Оба влюбились в смешной пароходик, который наклоняет трубу, проходя под мостом. Когда пароход встречался с другим, капитаны здоровались со своих мостиков, и это было чудесное зрелище. Капитан следит в бинокль за далеким горизонтом; рулевой не спускает глаз с компаса и с метеорологических приборов — не близится ли тайфун, и при первой же капле дождя вся команда облекается в непромокаемые костюмы. Мы плывем со скоростью сорока пяти узлов. Смотри, вон уже и подольская каменоломня, красивая каменоломня, куда ходили писать первые чешские кубисты. Отец с сыном, жители колонии безработных, ловят над каменоломнею голубей, прямо над обрывом — они свалятся, вот посмотришь, они свалятся! Власта закрывает глаза, у нее кружится голова: она не может видеть ни трубочиста, ни кошки на крыше, она изумляется кровельщикам. Что только ей пришлось испытать в подъемнике, когда она играла Ариэля![12] Но ради театра она пойдет на все.

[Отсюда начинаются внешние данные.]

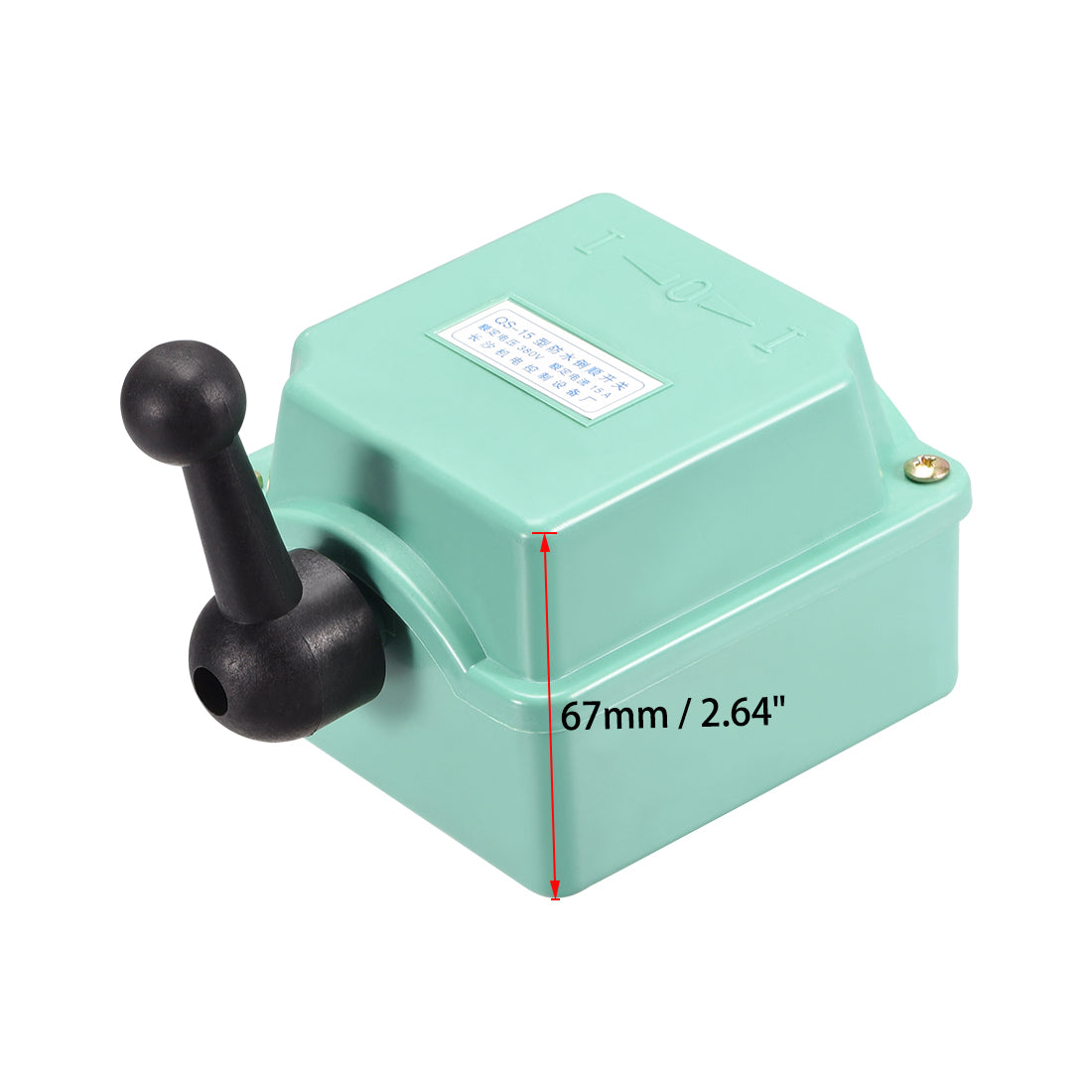 uxcell Uxcell Drum Switch QS-15 3 Positon Forward/Off/Reverse Motor Control Plastic Shell 15A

Пароходик въехал в ворота шлюза, Власта затихла, как котенок. Не очень-то уютно наблюдать, как вода все прибывает, все прибывает, будто в кошмарном сне. Один из пассажиров сказал: «Господи, стоит стенке лопнуть, и всем нам каюк», — и Власта схватила Станю за руку. Та самая Власта, которая объездила полмира. Что она — действительно боится или ей нравится разыгрывать испуг? Не разберешь. Видно, и то и другое. Но она действительно тряслась всем телом.

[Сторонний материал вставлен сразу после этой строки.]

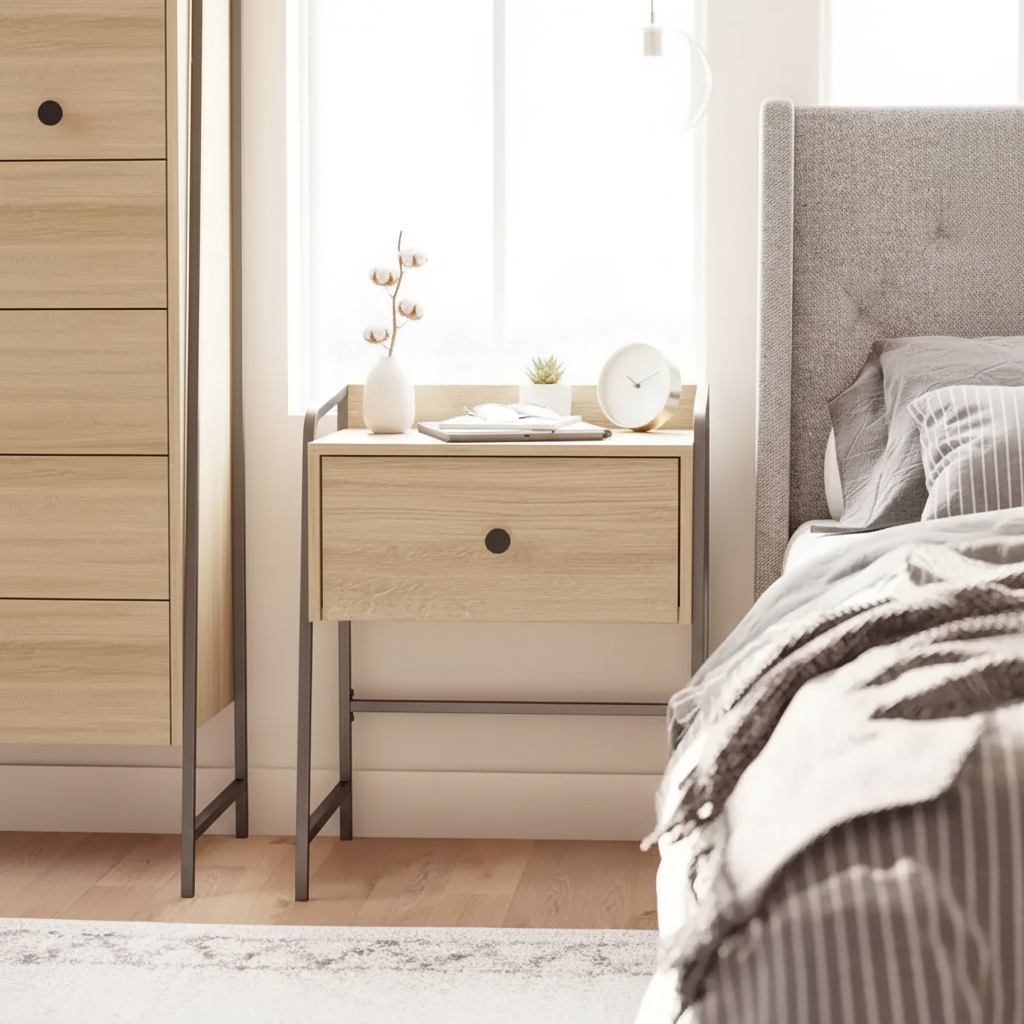 Table de chevet rustique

— Граммофон, Станя, — шепнула она, закрывая глаза, — скорей граммофон, или я с ума сойду.

Станя поставил пластинку с джазом, и Власта ожила.

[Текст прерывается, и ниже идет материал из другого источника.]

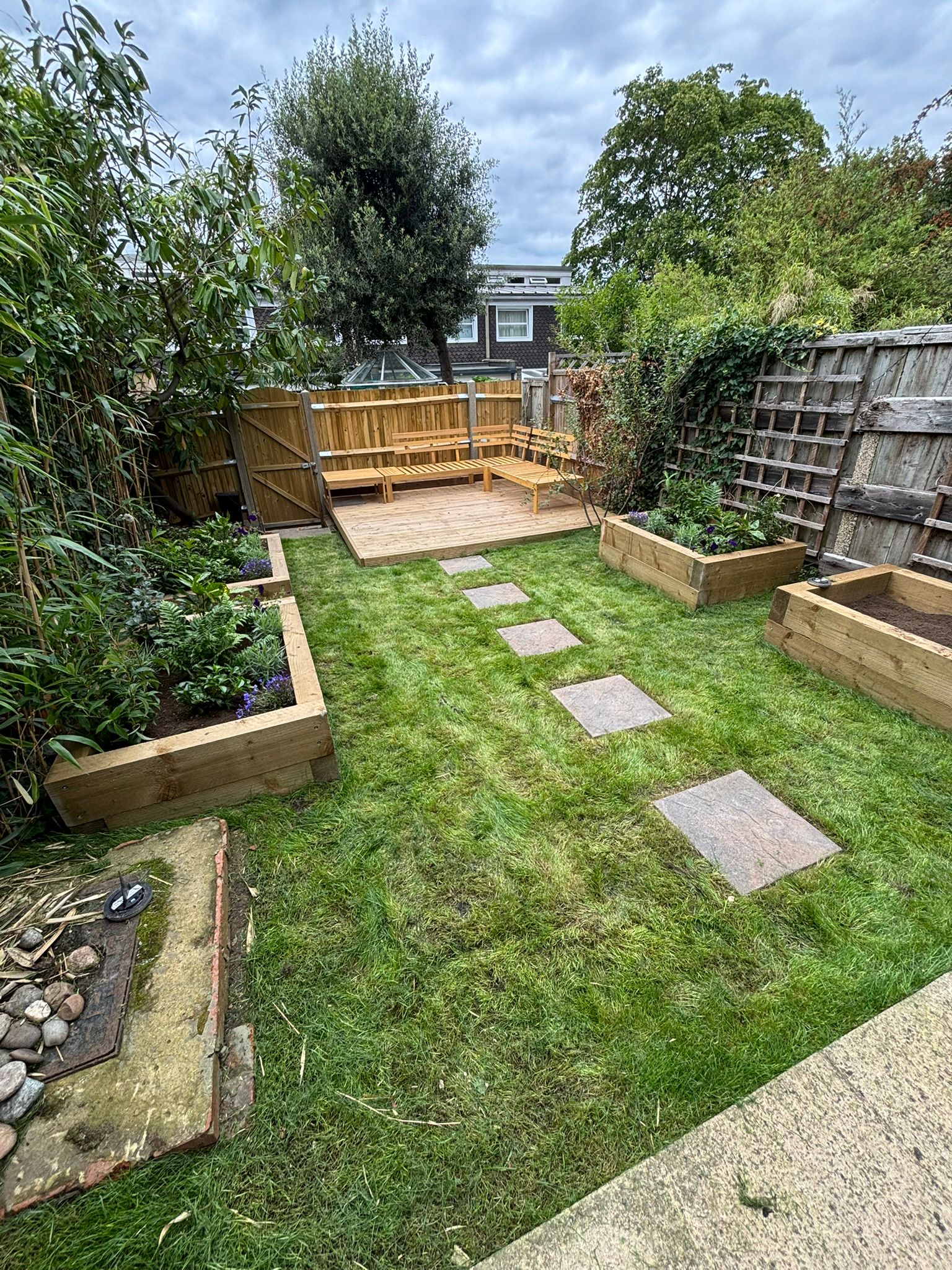Full Garden Makeover After Transformation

— Правильно, — успокоилась она, — при гибели «Титаника» должна играть музыка.

Станя немножко стыдился людей, все на нее смотрели, ее безусловно узнали. Он не любил привлекать внимание — ему казалось, что он греется в лучах чужой славы. Иногда ему становилось неловко на службе у Власты, переменчивой, как апрель; но как он мог раньше жить без нее? Такой пустоты он уже не в состоянии был себе представить.

В БЕРЛИНЕ

Кружился снежок в ту роковую ночь, когда пылал рейхстаг, когда люди в коричневом разъезжали по Берлину, колотили высокими сапогами в двери, стаскивали сонных с постелей, хватали всех, кто когда-либо нашивал красную гвоздику на майских демонстрациях; так они осуществляли «ночь длинных ножей», предсказанную в книгах приверженцев свастики. Тогда кружился снежок, теперь дозревают летние яблоки. Несчетное количество возлюбленных встретилось за это время, несчетное количество их разошлось; фирма «Яфета» сменила в своих витринах шубки на дождевые плащи, а дождевые плащи — на купальные костюмы; луга, пройдя три периода — желтый, розовый, белый, — были скошены и теперь издавали крепкий радужный аромат, доносившийся до самого города, — прежде чем берлинский советник Фогт с дружиной своих судей допросил пятерых подозреваемых в поджоге — голландца, немца и троих болгар; прежде чем он пригласил свидетелей, принял у них присягу, выслушал от них все, что ему было нужно, чтобы распутать клубок международного заговора; прежде чем велел запротоколировать показания и дать их допрошенным на подпись, — словом, прежде чем он закончил следствие и передал дело государственному прокурору. Обвинение в поджоге и государственной измене — преступления, за которые расплачиваются головой, — будет предъявлено этим пятерым. Они предстанут перед верховным судом в Лейпциге, в старинном городе юристов и книг. А пока они сидят в берлинской тюрьме Моабит и ждут начала процесса. Правительству Геринга что-то долго не хотелось начинать его. Но теперь слушание назначено на середину сентября. Было бы куда проще дать делу забыться, а скованных политических заключенных потихоньку умертвить. Но столько наглых иностранных юристов вмешалось в это дело, столько выродков-интеллигентов — и среди них, конечно, еврей Эйнштейн и пораженец Барбюс![13] — поставили свои подписи под дурацкими протестами против этого чисто внутриимперского дела, столько зловредных языков в Париже, Лондоне и даже в Америке начали болтать о пожаре рейхстага, что остается только заткнуть злобные глотки и дать по рукам слишком нахальным людям, которые контрабандой доставляют в Третью империю запрещенную печать, полную сенсационной лжи.